Immunological function declines with age, increasing the susceptibility and severity of infections in the elderly. For example, those who are 65 years of age and older make up around 15% of the U.S. population but represents nearly 90% of the deaths associated with influenza. This age-associated reduction in immunity has been attributed to the dysfunction of both the innate and adaptive immune system. Indeed, functional capacity of T cells is severely diminished and is exacerbated with age. Our lab has revealed that N-linked glycans play a critical role in controlling T cell immunity in mice and humans. Furthermore, irregularity in N-glycosylation as a mechanism for dysfunction of T cells in the elderly has not been examined as of yet.

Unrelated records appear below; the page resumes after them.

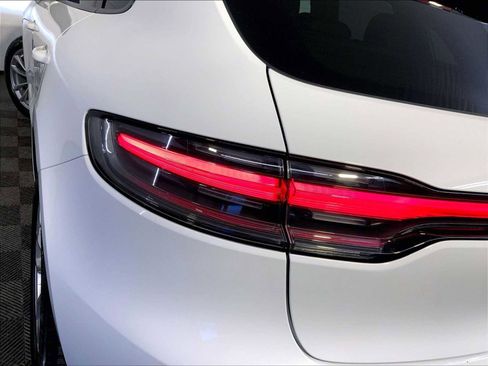 Certified 2025 Porsche Macan image 30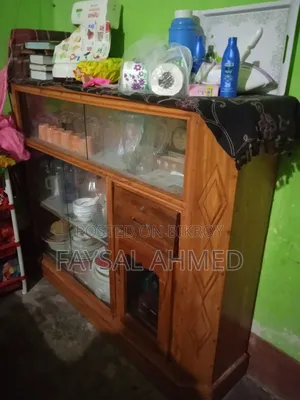Showcase (Mahogany Wood)
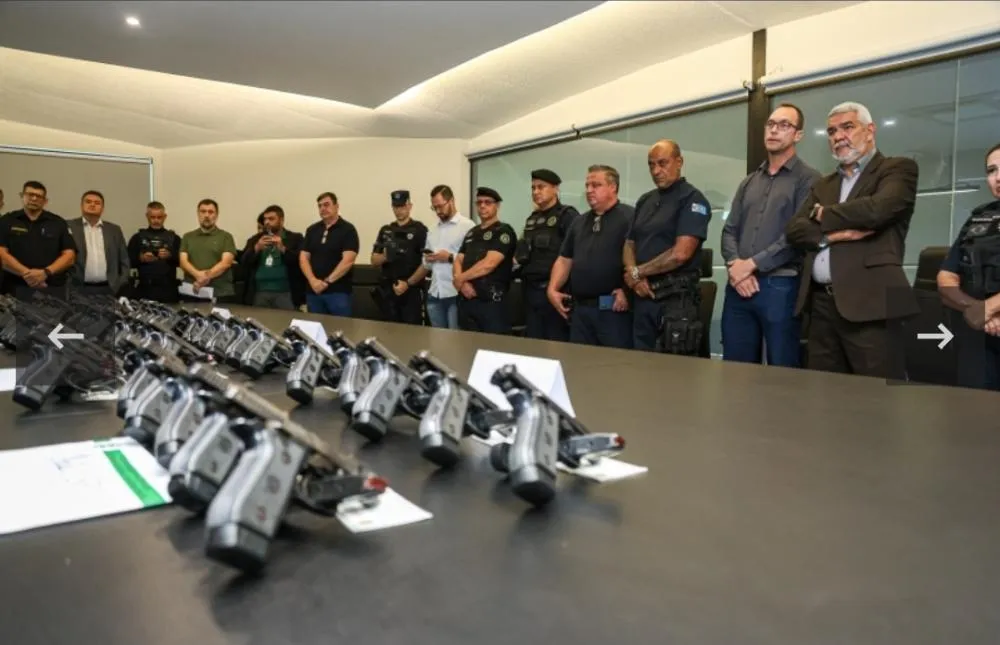 Paulínia amplia cooperação em segurança e doa mais 118 armas para cidades da região
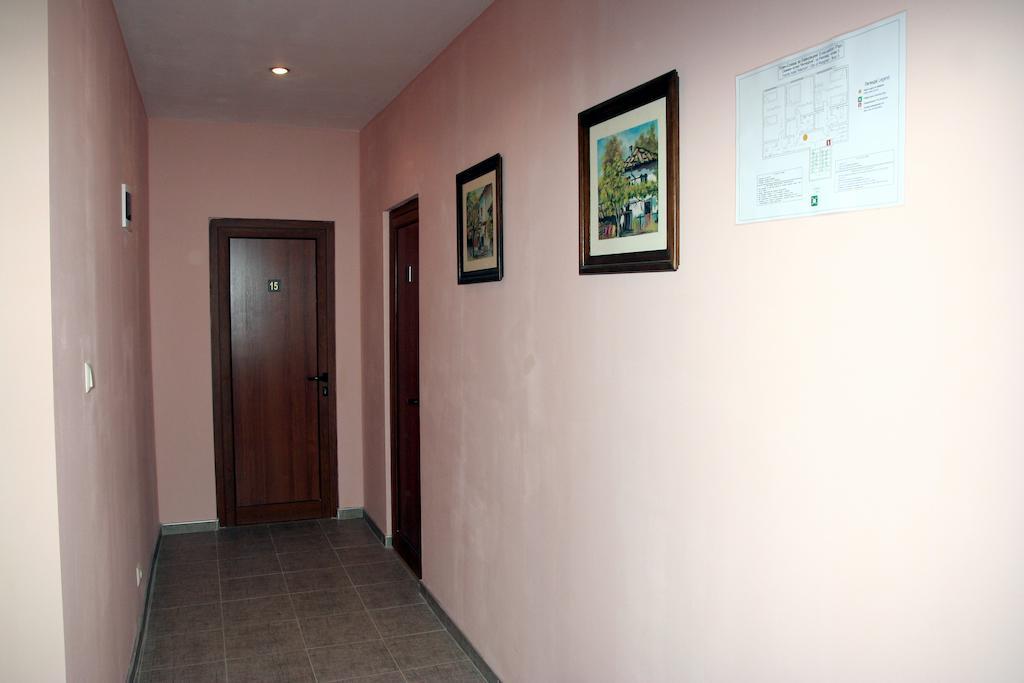 Interrum Hotel Razgrad المظهر الخارجي الصورة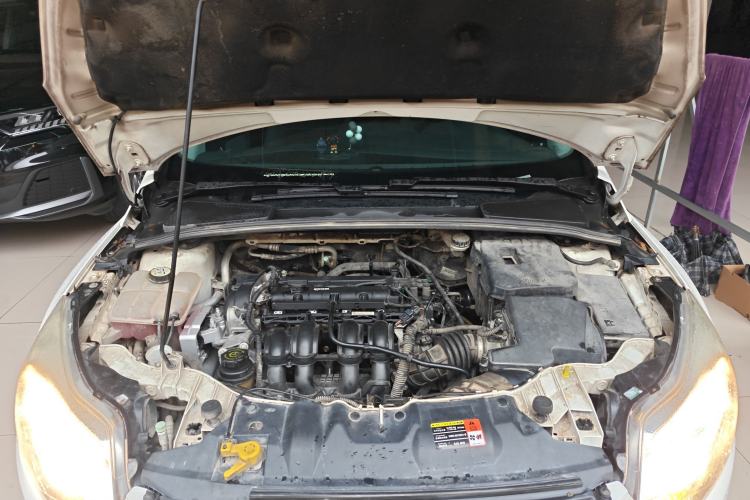 Used Ford Focus 2012 Hatchback 1.6L Automatic Comfort Model Engine Bay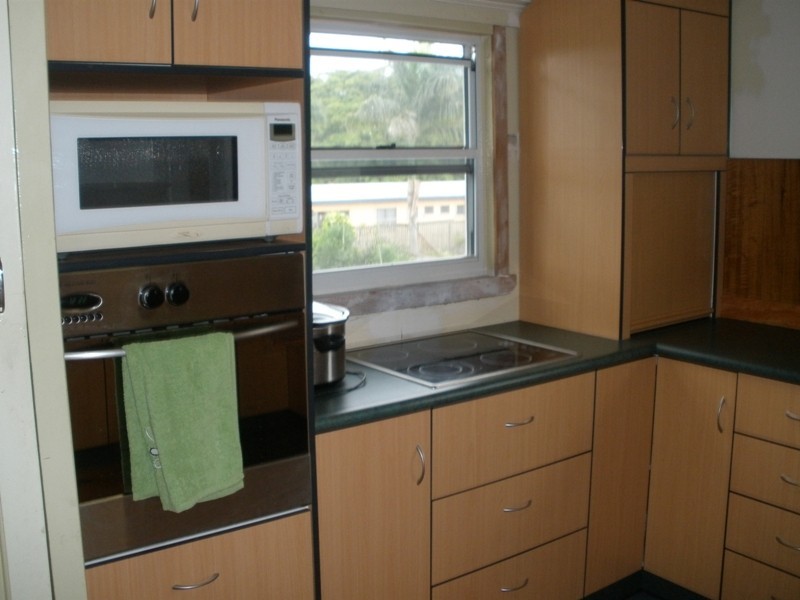 375 Shakespeare Street, West Mackay QLD 4740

Here we report N-glycan branching in T cells increases with age in females, leading to T cell hypo-activity and increased susceptibility to infection. Reducing N-glycan branching rejuvenates T cell activation, proliferation and pro-inflammatory TH17 over anti-inflammatory Treg differentiation in aged female T cells. Susceptibility of aged female mice to Salmonella typhimurium invasion/dissemination was reduced by lowering N-glycan branching. A critical metabolic precursor of N-glycosylation and branching is N-acetylglucosamine (GlcNAc), a common amino sugar that is part of the regular human diet. GlcNAc is endogenous to human serum, increases with age and correlates with N-glycan branching in female > male human T cells. Interleukin-7 (IL-7) signaling synergistically regulates N-glycan branching with environmental GlcNAc. Both adoptive transfer of aged female T cells into young mice and negatively regulating IL-7 reversed aged-dependent increase in N-glycan branching. These results suggest that age-dependent increases of N-glycan branching, via increased supply of GlcNAc and IL-7 signaling, impairs T cell immunity in the elderly females, providing a novel mechanism to supplement current treatments for age-related diseases.